Tuesday, February 10, 2009
With my feet on American soil for a solid 48 hours, I headed north to Stowe, VT, for the Supertour/UVM Carnival/Eastern Cup races. I had missed the Wednesday sprint, since I was still in transit, but the racing continued over the weekend and no matter how jet lagged I might be, I wanted to take part. Anna, Jess and I made up the jaded seniors group, and we showed up to perfect tracks and a sunny sky on Saturday. It was another 5km skate for the women, I am starting to feel like a 5km skate specialist this winter.
I started in the A seed, just behind the college race. Lindsey Dehlin (US Ski Team) started 30 seconds behind me, and I wanted to see how long I could ski with her when she passed me.

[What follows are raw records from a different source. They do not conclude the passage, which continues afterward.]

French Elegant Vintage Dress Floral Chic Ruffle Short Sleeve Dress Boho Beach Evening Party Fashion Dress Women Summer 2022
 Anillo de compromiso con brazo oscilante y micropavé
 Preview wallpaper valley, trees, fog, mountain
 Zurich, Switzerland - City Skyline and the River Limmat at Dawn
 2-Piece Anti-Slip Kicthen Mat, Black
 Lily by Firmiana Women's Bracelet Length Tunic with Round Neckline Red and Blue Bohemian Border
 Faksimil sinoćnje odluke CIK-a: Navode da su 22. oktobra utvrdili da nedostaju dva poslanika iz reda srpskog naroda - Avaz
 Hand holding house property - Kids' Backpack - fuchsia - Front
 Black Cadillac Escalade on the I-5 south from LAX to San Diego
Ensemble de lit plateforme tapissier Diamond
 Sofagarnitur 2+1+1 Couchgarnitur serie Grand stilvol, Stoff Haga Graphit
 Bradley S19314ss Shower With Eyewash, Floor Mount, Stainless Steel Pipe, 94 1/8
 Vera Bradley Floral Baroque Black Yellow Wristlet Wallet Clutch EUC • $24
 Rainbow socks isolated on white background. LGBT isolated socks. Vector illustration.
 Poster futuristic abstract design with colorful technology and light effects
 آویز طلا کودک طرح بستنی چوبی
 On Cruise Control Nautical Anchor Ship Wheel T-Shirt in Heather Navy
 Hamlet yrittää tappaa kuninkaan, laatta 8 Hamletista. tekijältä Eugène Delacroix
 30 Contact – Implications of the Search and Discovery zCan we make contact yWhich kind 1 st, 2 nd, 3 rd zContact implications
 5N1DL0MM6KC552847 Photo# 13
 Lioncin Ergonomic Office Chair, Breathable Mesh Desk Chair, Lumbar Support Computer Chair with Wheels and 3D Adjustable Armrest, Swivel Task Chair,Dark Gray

The course starts with about a kilometer of rolling downhill, then a climb back into the stadium, then some more twisty downhill to 2km. A short climb, a gradual hill to 3km, then a long downhill and some flat to 4km. The last km is mostly uphill, with a very short flattish part between the two major climbs. I knew I wanted to start semi-conservatively, to have something left for the last km of uphill, but I got too excited and hammered out of the start gate and worked that downhill. The first uphill I was slowly reeling in Keely Levins, my 30-second girl, and I passed her near the bottom of the second long twisty downhill. I knew I had another long downhill coming up, so I V2ed as much as I could of the gradual hill, and approaching the 3km mark I could hear people cheering for Lindsey right behind me as I crested the hill.
My skis were fast enough that I was at the edge of control on the next downhill, trying to eek out every possible second of the free speed, and then it was on to some flats where Lindsey finally passed me. Along the flat part, I matched her pace, but then we started to climb and my legs gave me the veto. I tried to keep it quick and light but the burning was too much, and by the last hill where everyone was cheering, I could tell my form was falling apart and my momentum was largely upper-body-driven. Into the finish straight I V2ed as hard as I could, but I was pretty dead, and could tell that my legs weren't as happy as they could have been. I still ended up in 28th, out of 173, which isn't too bad a result, but I wish I hadn't faded so much on the last climb. The positive side of this race was that with actual supertour racers in the mix, it was a 160 point race, which is much better than usual in the East.
Finis. Kris Dobie photo.
Sunday, we woke up to 40 degrees and rain, and by the time we'd gotten up to Trapps it was 38 and snowing. Luckily, one of my pairs of Peltonens are designed specifically to be hairies skis, Jess did a nice writeup on hairies if you want more information. Basically, they're the perfect ski for when it is above freezing and snowing. They aren't zeroes, like what Fischer and Atomic market, because the base material in the kick zone is the same as the rest of the ski, its just roughed up really well with sandpaper. All of the CSU J2s were on either zeroes or hairies, and we took 1st and 3rd in both the boys and girls races. Testing skis, I really liked my hairies, but I was worried that it would stop snowing, because then my skis would stop working. But I ended up racing on the hairies, figuring that I could just get out of the tracks if the track got too slushy. I didn't figure in the number of other people skiing out of the tracks...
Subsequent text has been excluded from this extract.